We want to do caching using Redis and single entities, so we never[1] cache lists of data, only single entities by id.
The data would be stored in redis as JSON and the key would be: Entity-ID
.
Related data should not be stored as part of one entity, instead store the id
and fetch it later when needed.
GraphQL makes it easier to prototype new feature, but also makes it easier to write queries that don't perform well, for example this query:
{
campaigns(first: 5) {
id
title
events(first: 2) {
id
title
}
}
}
Easily results in n+1 queries, as you'd do the follow queries:
- 1 to fetch the first 5 campaigns
- 1 to fetch the first 2 events for each campaign
To be fair this is probably one of the worst kind of queries to optimise, since we have pagination inside nested fields.

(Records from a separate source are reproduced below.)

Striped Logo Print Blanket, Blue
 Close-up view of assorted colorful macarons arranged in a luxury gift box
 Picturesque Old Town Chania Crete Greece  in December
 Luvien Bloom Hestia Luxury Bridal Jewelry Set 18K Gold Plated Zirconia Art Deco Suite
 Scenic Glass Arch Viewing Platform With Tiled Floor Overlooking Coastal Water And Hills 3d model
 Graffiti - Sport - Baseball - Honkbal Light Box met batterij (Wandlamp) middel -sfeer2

One idea would be to prevent this kind of queries, by either returning an error, as it might make sense to fetch the first 2 events when fetching a single campaign. Or we can move fetching the events as being a top level query, preventing this query from ever happening.
We worked on this query, to see what we can/should optimise and what we can't:
{
campaigns(first: 5) {
id
title
events(first: 2) {
id
title
}
}
}
Right now this query suffers of the n+1 problem, but it only fetches ids from the databases, the rest comes from Redis when possible, so it works like this:
- 1 query to fetch a list of campaign ids
- 1 query per campaign to fetch a list of event ids
- 1 redis get for each campaign (fallbacks to db) <- can be batched
- 1 redis get for each event (fallbacks to db) <- it is batched but not too much
We now have a base repository called BaseCacheRepository
that knows how store
and fetch single or multiple entities from redis. And it also knows how to fetch
a single entity from the db, so it would provide a public interface like this:
class MyRepository(BaseCacheRepository):
model_class = MyModel
entity_class = MyEntity
repo = MyRepository()
a = repo.get_by_id("123")
[1] unless there's a really good use case for it